Another problem with changing things through politics is that politicians present you with a package deal. If you go out shopping for groceries, you could find an infinite number of meals to make over the coming week by going to a simple grocery store. You can get a lot of different choices in a smartphone or a computer or an automobile. When you go to a department store, you can dress in many different ways after buying clothes at the department store. But in election, you’re usually given a choice of two candidates, and it’s a package deal. And one candidate says, “I’m going to get out of Iraq and raise taxes.” The other candidate says, “I’m going to stay in Iraq and cut taxes.” Well, if you think Iraq is a bad idea and you’d also like your taxes cut, or for that matter, if you think war and taxes are a good thing, either way, you don’t have a candidate who offers what you want. And when we broaden it from two issues to four, six issues, the chances of getting a candidate who really reflects what you want are not very good, which is a reason not to spend much time learning what the candidates are promising because you know it’s going to end up being this kind of package deal where you don’t like it at all.
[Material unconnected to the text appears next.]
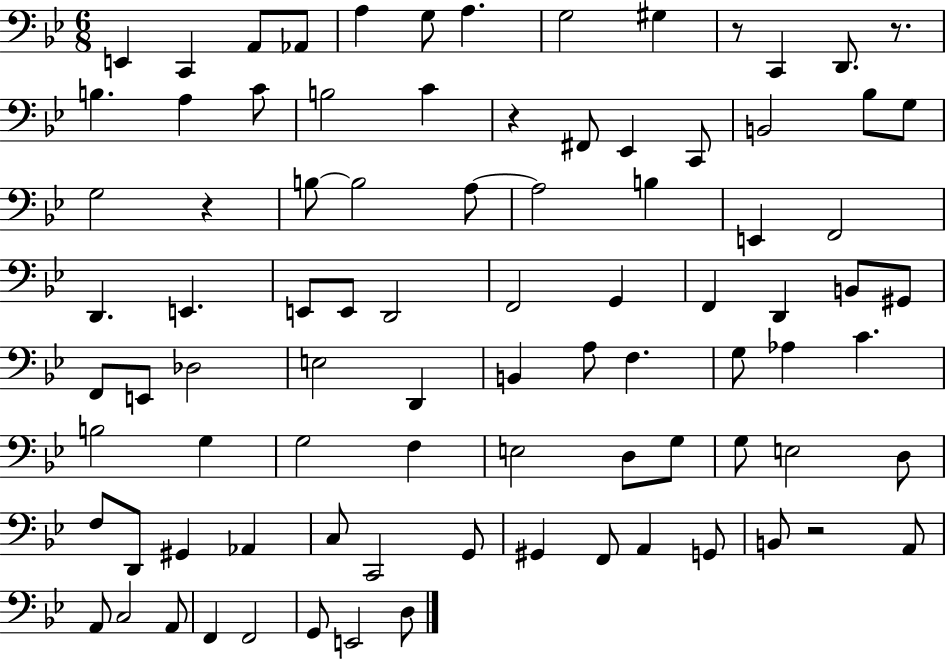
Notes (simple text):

E2/q C2/q A2/e Ab2/e A3/q G3/e A3/q. G3/h G#3/q R/e C2/q D2/e. R/e. B3/q. A3/q C4/e B3/h C4/q R/q F#2/e Eb2/q C2/e B2/h Bb3/e G3/e G3/h R/q B3/e B3/h A3/e A3/h B3/q E2/q F2/h D2/q. E2/q. E2/e E2/e D2/h F2/h G2/q F2/q D2/q B2/e G#2/e F2/e E2/e Db3/h E3/h D2/q B2/q A3/e F3/q. G3/e Ab3/q C4/q. B3/h G3/q G3/h F3/q E3/h D3/e G3/e G3/e E3/h D3/e F3/e D2/e G#2/q Ab2/q C3/e C2/h G2/e G#2/q F2/e A2/q G2/e B2/e R/h A2/e A2/e C3/h A2/e F2/q F2/h G2/e E2/h D3/e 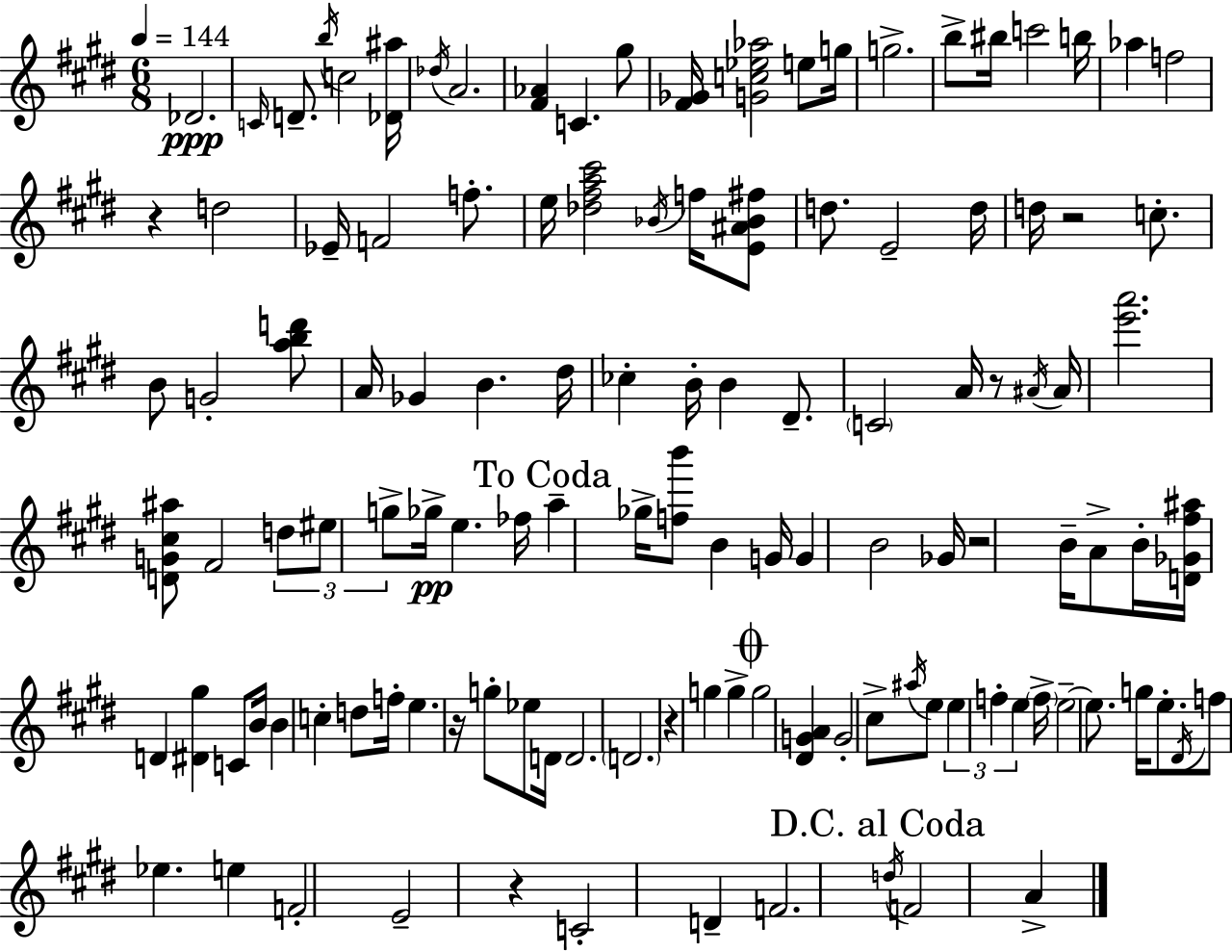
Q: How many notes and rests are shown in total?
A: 121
So people become what economists call rationally ignorant. If you’re going to buy a car, it makes sense for you to learn about cars. Get a copy of Car and Driver. Get a copy of consumer reports. Talk to your friends. Talk to your brother. Talk to your father, always good to talk to your father before you buy a car. But that’s because when you end up buying a car, you’re going to get the car that you made a decision to buy. In politics, after you do all the research and decide, “Well, I still prefer this package deal to this package deal, so I’m going to vote for this guy.” Your vote is not going to make a difference. There’s no presidential election decided by one vote. There’s no congressional election decided by one vote. You can go years between city council elections decided by one vote. So economists say voters decide to be rationally ignorant. It makes sense not to learn a whole lot about politics because it’s not going to do you any good anyway. And then I always figure sort of the final point is the candidates are probably not telling you the truth anyway. They may know they’re going to raise taxes and they’re not telling you that. They may know they’re not going to get rid of Obamacare, even though they’re telling you they are. They may know it’ll take them eight years to get out of the Iraq war the way they’re planning to do it. So what’s the point of learning about politics? And what it means is that the politicians who get elected don’t really rely on delivering what they promised or persuading voters. Voting the bastards out doesn’t really work. There are too many obstacles to making a political market work. We talk about the political market, but it’s very different from the market market. You go into the market. You have a pretty good chance of finding the product you want. In the political market, very unlikely that you do.